You crack me up. Rand Derangement Syndrome at its most predictable.

Suppose there was a senior government advisor who was not only a Roman Catholic himself, he had studied for years under a Catholic leader known for his intransigent opposition to abortion. Suppose that this advisor was named as the prime mover behind some new legislation restricting access to, yep, abortion. Would you then be able to discern a Roman Catholic influence on government, or would you declare it to be unconnected, random, out of the blue?

Quote:
As a matter of fact, we might have had universal healthcare in America had Watergate not derailed Nixon's Presidency, so I'm more likely going to credit that to the occasional spark of humanity in Nixon's soul than I would that heartless harpy.


The existence of humanity in Nixon's soul has not been proven. Not being a man of high principles, he was probably motivated by narrow political goals (trying to woo the youth vote). But the person who pitched the idea to him did have principles: Objectivist principles. I guess it would cause you physical pain to acknowledge that?


Ayn Rand stood against corporatism, subsidies, bailouts, protective tariffs, regulations intended to stifle competition, corporate welfare of any kind. She defended equal rights of women and every kind of minority. She called for the abolition of all "sodomy laws" which criminalized homosexuality and other consensual adult behavior. (How many other public figures were taking this stand in the '60s?) She opposed the Vietnam War, as a senseless waste of lives and resources. And yes, she was an outspoken opponent of the military draft, at a time when that position was associated chiefly with the sort of people no GOP politician would give the time of day.

Ayn Rand wrote:
Of all the statist violations of individual rights in a mixed economy, the military draft is the worst. It is an abrogation of rights. It negates man’s fundamental right—the right to life—and establishes the fundamental principle of statism: that a man’s life belongs to the state, and the state may claim it by compelling him to sacrifice it in battle. Once that principle is accepted, the rest is only a matter of time.

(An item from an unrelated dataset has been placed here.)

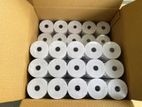 3-Inch Plain White Thermal Paper Billing Roll,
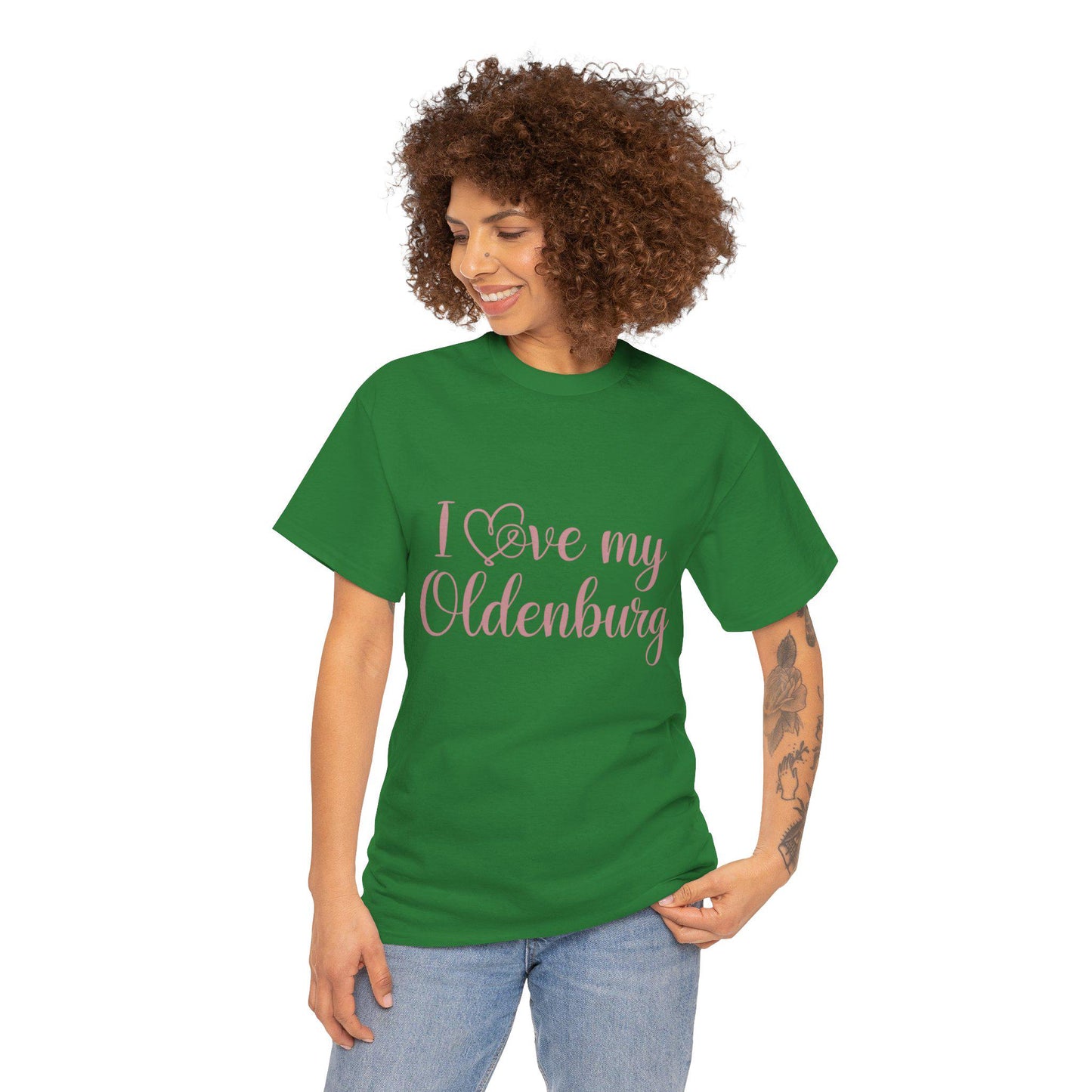 I Love my Oldenburg Heavy Cotton Tee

If the state may force a man to risk death or hideous maiming and crippling, in a war declared at the state’s discretion, for a cause he may neither approve of nor even understand, if his consent is not required to send him into unspeakable martyrdom—then, in principle, all rights are negated in that state, and its government is not man’s protector any longer. What else is there left to protect?


None of these was a random opinion. They all follow logically from the Objectivist tenet that individual rights are the foundation of a civilized society.

No wonder you hate Ayn Rand so much that you feel compelled to snarl incoherent insults at the very mention of her name.


Okay, Nixon had ended the draft to court the youth vote. Happy? I'm still not going to give her minion credit.
As for Rand's support for ending sodomy laws and ending the Vietnam War - good for her. Shows you a stopped clock is right twice a day.